What is required:
Retype every record that appears below, unchanged.

Exercise material:

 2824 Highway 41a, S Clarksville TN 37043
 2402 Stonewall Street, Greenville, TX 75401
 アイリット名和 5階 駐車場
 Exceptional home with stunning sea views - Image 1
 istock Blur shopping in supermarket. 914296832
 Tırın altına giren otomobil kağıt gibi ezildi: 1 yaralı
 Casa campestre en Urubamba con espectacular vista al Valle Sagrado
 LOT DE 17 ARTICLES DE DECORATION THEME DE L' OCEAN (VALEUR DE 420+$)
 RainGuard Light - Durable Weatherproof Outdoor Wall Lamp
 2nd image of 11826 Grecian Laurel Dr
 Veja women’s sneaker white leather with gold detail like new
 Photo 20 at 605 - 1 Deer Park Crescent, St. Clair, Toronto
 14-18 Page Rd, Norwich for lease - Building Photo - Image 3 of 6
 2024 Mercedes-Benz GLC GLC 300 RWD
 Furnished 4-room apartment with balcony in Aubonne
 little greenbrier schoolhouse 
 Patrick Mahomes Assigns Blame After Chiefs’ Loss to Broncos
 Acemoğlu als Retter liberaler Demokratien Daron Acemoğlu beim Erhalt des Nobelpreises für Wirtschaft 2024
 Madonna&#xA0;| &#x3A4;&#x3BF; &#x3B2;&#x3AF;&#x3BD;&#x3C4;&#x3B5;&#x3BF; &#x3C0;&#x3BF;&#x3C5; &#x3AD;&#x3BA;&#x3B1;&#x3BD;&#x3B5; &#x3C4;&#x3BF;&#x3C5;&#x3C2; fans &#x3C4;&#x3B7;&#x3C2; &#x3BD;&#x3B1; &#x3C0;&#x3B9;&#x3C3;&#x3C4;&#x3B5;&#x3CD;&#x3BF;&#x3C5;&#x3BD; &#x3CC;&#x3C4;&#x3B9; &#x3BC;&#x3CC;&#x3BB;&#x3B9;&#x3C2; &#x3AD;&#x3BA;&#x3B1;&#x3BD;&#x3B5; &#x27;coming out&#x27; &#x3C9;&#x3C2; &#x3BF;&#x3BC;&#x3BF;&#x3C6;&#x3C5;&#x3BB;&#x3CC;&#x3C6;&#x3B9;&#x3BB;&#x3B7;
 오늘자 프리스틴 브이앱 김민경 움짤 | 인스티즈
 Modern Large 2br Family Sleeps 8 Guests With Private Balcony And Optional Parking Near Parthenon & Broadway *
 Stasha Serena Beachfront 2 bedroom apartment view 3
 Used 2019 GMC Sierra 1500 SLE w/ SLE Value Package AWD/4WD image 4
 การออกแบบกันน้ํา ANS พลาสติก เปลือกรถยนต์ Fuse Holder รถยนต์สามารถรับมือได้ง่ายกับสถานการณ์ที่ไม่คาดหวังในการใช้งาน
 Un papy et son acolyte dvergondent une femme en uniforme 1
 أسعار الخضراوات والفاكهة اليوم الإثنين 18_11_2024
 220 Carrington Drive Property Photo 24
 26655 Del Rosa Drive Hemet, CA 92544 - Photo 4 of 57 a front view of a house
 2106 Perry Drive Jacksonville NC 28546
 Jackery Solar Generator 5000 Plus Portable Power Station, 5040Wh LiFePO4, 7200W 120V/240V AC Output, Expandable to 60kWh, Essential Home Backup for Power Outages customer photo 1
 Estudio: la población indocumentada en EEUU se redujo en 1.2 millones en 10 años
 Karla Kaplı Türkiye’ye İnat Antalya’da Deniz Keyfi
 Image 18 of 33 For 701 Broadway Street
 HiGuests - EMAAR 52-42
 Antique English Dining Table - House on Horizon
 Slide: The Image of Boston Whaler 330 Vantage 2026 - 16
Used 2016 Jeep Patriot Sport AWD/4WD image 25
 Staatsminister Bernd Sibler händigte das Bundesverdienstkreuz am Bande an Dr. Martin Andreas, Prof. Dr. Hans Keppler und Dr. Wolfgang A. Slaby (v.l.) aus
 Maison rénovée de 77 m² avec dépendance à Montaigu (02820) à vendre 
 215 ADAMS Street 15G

Problem solution:
 2824 Highway 41a, S Clarksville TN 37043
 2402 Stonewall Street, Greenville, TX 75401
 アイリット名和 5階 駐車場
 Exceptional home with stunning sea views - Image 1
 istock Blur shopping in supermarket. 914296832
 Tırın altına giren otomobil kağıt gibi ezildi: 1 yaralı
 Casa campestre en Urubamba con espectacular vista al Valle Sagrado
 LOT DE 17 ARTICLES DE DECORATION THEME DE L' OCEAN (VALEUR DE 420+$)
 RainGuard Light - Durable Weatherproof Outdoor Wall Lamp
 2nd image of 11826 Grecian Laurel Dr
 Veja women’s sneaker white leather with gold detail like new
 Photo 20 at 605 - 1 Deer Park Crescent, St. Clair, Toronto
 14-18 Page Rd, Norwich for lease - Building Photo - Image 3 of 6
 2024 Mercedes-Benz GLC GLC 300 RWD
 Furnished 4-room apartment with balcony in Aubonne
 little greenbrier schoolhouse 
 Patrick Mahomes Assigns Blame After Chiefs’ Loss to Broncos
 Acemoğlu als Retter liberaler Demokratien Daron Acemoğlu beim Erhalt des Nobelpreises für Wirtschaft 2024
 Madonna&#xA0;| &#x3A4;&#x3BF; &#x3B2;&#x3AF;&#x3BD;&#x3C4;&#x3B5;&#x3BF; &#x3C0;&#x3BF;&#x3C5; &#x3AD;&#x3BA;&#x3B1;&#x3BD;&#x3B5; &#x3C4;&#x3BF;&#x3C5;&#x3C2; fans &#x3C4;&#x3B7;&#x3C2; &#x3BD;&#x3B1; &#x3C0;&#x3B9;&#x3C3;&#x3C4;&#x3B5;&#x3CD;&#x3BF;&#x3C5;&#x3BD; &#x3CC;&#x3C4;&#x3B9; &#x3BC;&#x3CC;&#x3BB;&#x3B9;&#x3C2; &#x3AD;&#x3BA;&#x3B1;&#x3BD;&#x3B5; &#x27;coming out&#x27; &#x3C9;&#x3C2; &#x3BF;&#x3BC;&#x3BF;&#x3C6;&#x3C5;&#x3BB;&#x3CC;&#x3C6;&#x3B9;&#x3BB;&#x3B7;
 오늘자 프리스틴 브이앱 김민경 움짤 | 인스티즈
 Modern Large 2br Family Sleeps 8 Guests With Private Balcony And Optional Parking Near Parthenon & Broadway *
 Stasha Serena Beachfront 2 bedroom apartment view 3
 Used 2019 GMC Sierra 1500 SLE w/ SLE Value Package AWD/4WD image 4
 การออกแบบกันน้ํา ANS พลาสติก เปลือกรถยนต์ Fuse Holder รถยนต์สามารถรับมือได้ง่ายกับสถานการณ์ที่ไม่คาดหวังในการใช้งาน
 Un papy et son acolyte dvergondent une femme en uniforme 1
 أسعار الخضراوات والفاكهة اليوم الإثنين 18_11_2024
 220 Carrington Drive Property Photo 24
 26655 Del Rosa Drive Hemet, CA 92544 - Photo 4 of 57 a front view of a house
 2106 Perry Drive Jacksonville NC 28546
 Jackery Solar Generator 5000 Plus Portable Power Station, 5040Wh LiFePO4, 7200W 120V/240V AC Output, Expandable to 60kWh, Essential Home Backup for Power Outages customer photo 1
 Estudio: la población indocumentada en EEUU se redujo en 1.2 millones en 10 años
 Karla Kaplı Türkiye’ye İnat Antalya’da Deniz Keyfi
 Image 18 of 33 For 701 Broadway Street
 HiGuests - EMAAR 52-42
 Antique English Dining Table - House on Horizon
 Slide: The Image of Boston Whaler 330 Vantage 2026 - 16
Used 2016 Jeep Patriot Sport AWD/4WD image 25
 Staatsminister Bernd Sibler händigte das Bundesverdienstkreuz am Bande an Dr. Martin Andreas, Prof. Dr. Hans Keppler und Dr. Wolfgang A. Slaby (v.l.) aus
 Maison rénovée de 77 m² avec dépendance à Montaigu (02820) à vendre 
 215 ADAMS Street 15G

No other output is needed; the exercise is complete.